Exercise directions: Determine how many lines in the material below contain the word "Photo", and give that number without comment.

BEGIN Given records

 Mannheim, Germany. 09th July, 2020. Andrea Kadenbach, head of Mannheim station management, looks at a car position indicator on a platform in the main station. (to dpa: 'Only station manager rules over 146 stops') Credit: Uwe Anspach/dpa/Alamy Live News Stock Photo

END Given records
BEGIN Given records

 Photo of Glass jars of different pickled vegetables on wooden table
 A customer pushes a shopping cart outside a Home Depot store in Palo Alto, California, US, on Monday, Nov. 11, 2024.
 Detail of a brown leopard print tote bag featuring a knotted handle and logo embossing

END Given records

Solution to this problem: 2